Data below Start Marker

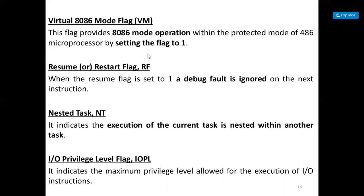The VM (virtual 8086 mode) flag enables the 8086 to enter virtual mode within the protected mode of the 486 microprocessor by setting the flag to 1. The resume flag (RF) is set to 1 if a debug fault is ignored on the next instruction. The nested task flag (NT) indicates the execution of the current task is nested within another task. The IOPL (input/output privilege level) flag is used in protected mode to select the privilege level for I/O devices.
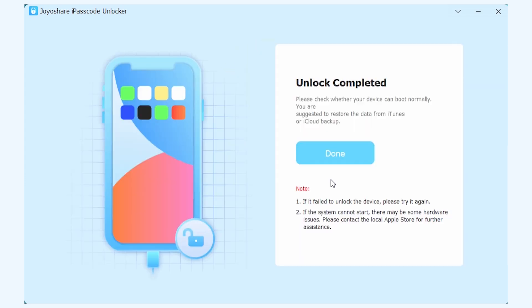Once the unlocking process is complete, your iPad will be unlocked without passcode.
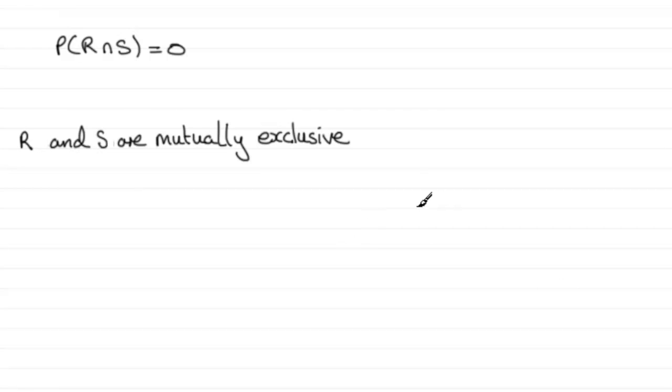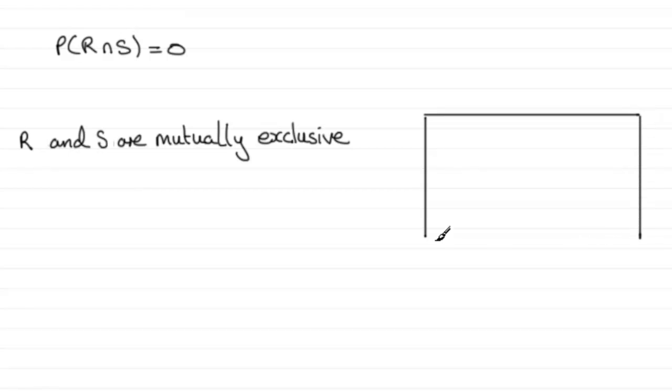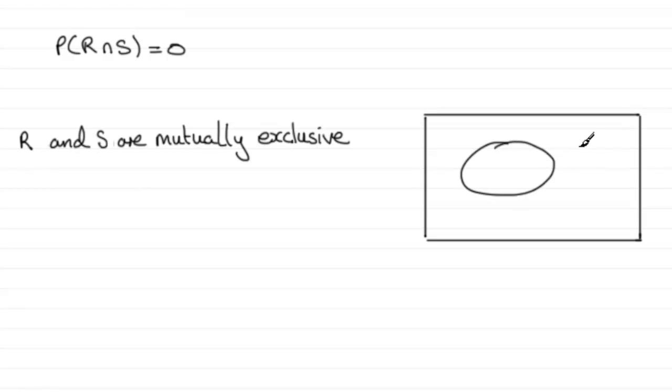And what this would mean, not that you have to answer this in the question, but if you were to draw a Venn diagram, something like this with your two sets R and S, there would be no intersection between them.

Data below End Marker

** Problem to work on **
Retype the listing exactly. Leave out its pictures.

** Result **
The VM (virtual 8086 mode) flag enables the 8086 to enter virtual mode within the protected mode of the 486 microprocessor by setting the flag to 1. The resume flag (RF) is set to 1 if a debug fault is ignored on the next instruction. The nested task flag (NT) indicates the execution of the current task is nested within another task. The IOPL (input/output privilege level) flag is used in protected mode to select the privilege level for I/O devices.
Once the unlocking process is complete, your iPad will be unlocked without passcode.
And what this would mean, not that you have to answer this in the question, but if you were to draw a Venn diagram, something like this with your two sets R and S, there would be no intersection between them.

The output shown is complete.